The anls_score function can also return a dictionary containing aggregated ANLS* scores for dictionary keys in the ground truth and prediction. This is useful for gaining insights into what parts of the predictions are correct and what parts are incorrect. To use this feature, set the return_key_scores argument to True.

Here's an example that demonstrates the use of return_key_scores:

from anls_star import anls_score

gt = {
    "a": "Hello",
    "b": [{"l1": "aa", "l2": "b"}, {"l1": "c", "l2": "d"}],
    "c": "Test",
    "second_order": {
        "name": "Fluffy",
        "age": "3",
        "items": [{"id": "1", "value": "12.3"}, {"id": "2", "value": "13.4"}],
    },
}
pred = {
    "a": "Helloo",
    "b": [{"l1": "a", "l2": "q"}, {"l1": "c", "l2": "d"}],
    "second_order": {
        "name": "Fluffy",
        "age": "31",
        "items": [{"id": "1", "value": "12.1"}, {"id": "3", "value": "13.4"}],
    },
}

anls, key_scores = anls_score(gt, pred, return_key_scores=True)
print("Key scores:")
print(key_scores)

This would output:

Key scores:
{
    'a': ScoreNode(anls_score=0.8333333333333334),
    'b': ScoreNode(
        anls_score=0.4166666666666667,
        children={
            'l1': ScoreNode(anls_score=0.75),
            'l2': ScoreNode(anls_score=0.5),
        }
    ),
    'c': ScoreNode(anls_score=0.0),
    'second_order': ScoreNode(
        anls_score=0.7083333333333334,
        children={
            'age': ScoreNode(anls_score=0.5),
            'items': ScoreNode(
                anls_score=0.6875,
                children={
                    'id': ScoreNode(anls_score=0.5),
                    'value': ScoreNode(anls_score=0.875),
                }
            ),
            'name': ScoreNode(anls_score=1.0),
        }
    ),
}

The key_scores dictionary contains ScoreNode objects, which have anls_score and children attributes. The anls_score attribute represents the ANLS* score for that specific key, while the children attribute contains nested dictionaries of the same structure for nested keys.

This detailed breakdown allows you to identify which parts of the prediction are accurate and which parts need improvement, providing valuable insights for error analysis and model refinement.

The return_key_scores and return_gt arguments can be used together to get both the closest match and key scores in a single call to anls_score, in which case the return will be (score, closest_gt, key_scores).

Supported Types

Simply copy this file to your project and import the anls_score function from it. Then call the function with the ground truth and the predictions.

The following types (and all combinations of it) are supported:

  • String: To compare strings against each other using the normalized Levenshtein similarity.
  • None: Sometimes questions are not answerable.
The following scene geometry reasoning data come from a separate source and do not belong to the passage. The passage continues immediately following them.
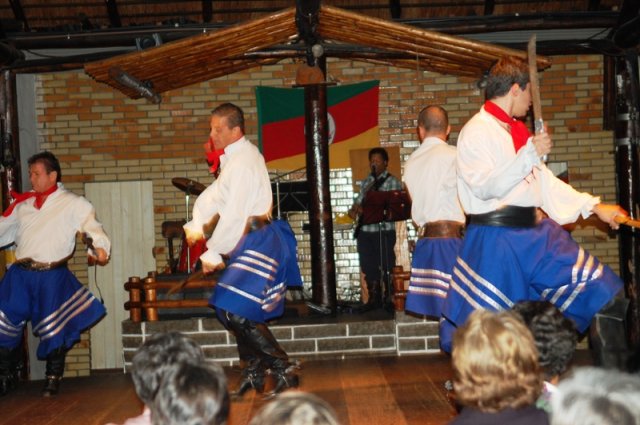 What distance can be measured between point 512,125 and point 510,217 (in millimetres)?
505

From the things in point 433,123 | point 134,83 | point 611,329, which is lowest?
point 611,329

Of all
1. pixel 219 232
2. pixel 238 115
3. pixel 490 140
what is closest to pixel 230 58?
pixel 238 115

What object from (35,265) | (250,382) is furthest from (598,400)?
(35,265)

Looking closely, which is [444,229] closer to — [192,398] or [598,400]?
[192,398]

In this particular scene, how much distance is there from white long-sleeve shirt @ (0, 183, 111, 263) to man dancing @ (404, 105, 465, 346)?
99.6 inches

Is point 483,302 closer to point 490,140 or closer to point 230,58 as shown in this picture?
point 490,140

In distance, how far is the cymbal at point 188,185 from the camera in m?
10.0

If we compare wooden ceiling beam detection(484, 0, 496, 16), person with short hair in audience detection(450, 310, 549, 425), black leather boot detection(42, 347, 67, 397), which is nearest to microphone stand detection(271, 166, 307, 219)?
wooden ceiling beam detection(484, 0, 496, 16)

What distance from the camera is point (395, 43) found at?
28.2 ft

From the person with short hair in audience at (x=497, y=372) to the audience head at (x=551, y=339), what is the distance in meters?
0.52

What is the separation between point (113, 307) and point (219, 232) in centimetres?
554

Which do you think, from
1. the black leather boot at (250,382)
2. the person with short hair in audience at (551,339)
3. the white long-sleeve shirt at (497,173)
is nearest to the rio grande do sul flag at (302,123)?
the black leather boot at (250,382)

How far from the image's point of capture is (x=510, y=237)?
4.45 meters

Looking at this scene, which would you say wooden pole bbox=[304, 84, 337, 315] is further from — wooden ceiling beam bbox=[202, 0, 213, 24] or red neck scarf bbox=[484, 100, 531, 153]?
red neck scarf bbox=[484, 100, 531, 153]
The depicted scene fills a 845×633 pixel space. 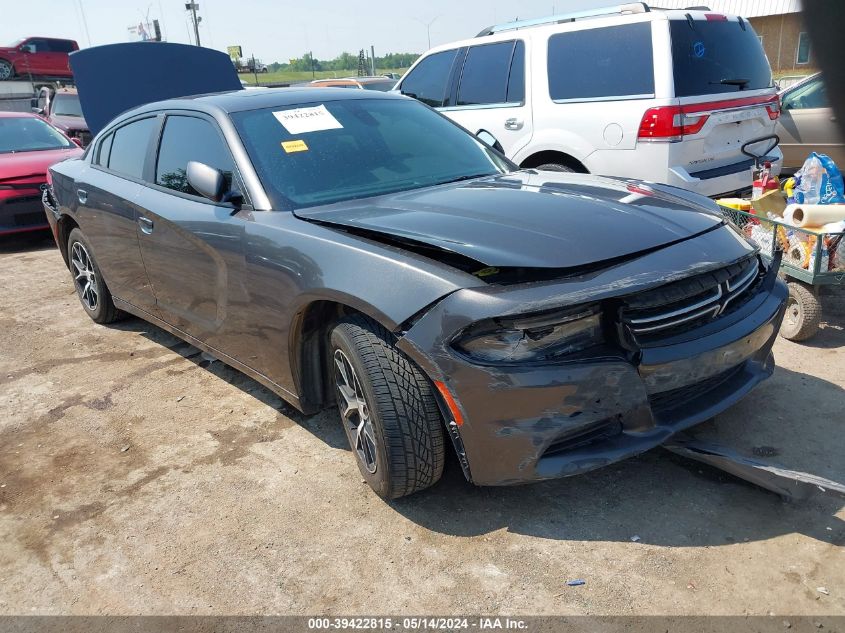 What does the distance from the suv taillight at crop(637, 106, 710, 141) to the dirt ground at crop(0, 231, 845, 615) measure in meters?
2.00

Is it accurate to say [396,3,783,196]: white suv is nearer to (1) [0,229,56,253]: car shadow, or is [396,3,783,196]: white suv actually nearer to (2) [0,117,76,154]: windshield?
(1) [0,229,56,253]: car shadow

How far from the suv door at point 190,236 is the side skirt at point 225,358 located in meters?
0.05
With this type it can be checked, whether the model does not answer. Any answer other than None will be penalized. On the other hand, if a model generates e.g. a None key in a dictionary that is not in the ground truth, ANLS* ignores it rather than penalizing or rewarding it.
  • Tuple: Compare the given answer with each element in the tuple and select the element that produces the maximum ANLS* score. This is also provided by the classical ANLS metric.
  • List: Sometimes it is required to information in the form of lists from a document. For example, extracting all purchased items found in an invoice. While the order is not important, the list should contain all items. Note that the same item can occur multiple times in lists. Hungarian matching is used to compare the ground truth and the predicted list against each other. Both missing elements as well as hallucinated elements are penalized as previously introduced.
  • Dict: For document information extraction it is usually required to extract key-value pairs. For example, when extracting the date and total value from an invoice. Missing keys as well as hallucinated keys are penalized.

Benchmarks

The following table shows the ANLS* score for the different models and prompt methods on different datasets. Note that we evaluate the models and prompt methods on 100 samples for single page datasets and 20 samples for multi page datasets in order to reduce the execution time and costs. Note that the provided validation set is used for the report.

table

How to Execute all Unit Tests

To run all unit tests simply execute uv run pytest

Packaging

See https://packaging.python.org/en/latest/tutorials/packaging-projects/

Project details


Download files

Download the file for your platform. If you're not sure which to choose, learn more about installing packages.

Source Distribution

anls_star-0.1.0.tar.gz (9.2 kB view details)

Uploaded Source

Built Distribution

If you're not sure about the file name format, learn more about wheel file names.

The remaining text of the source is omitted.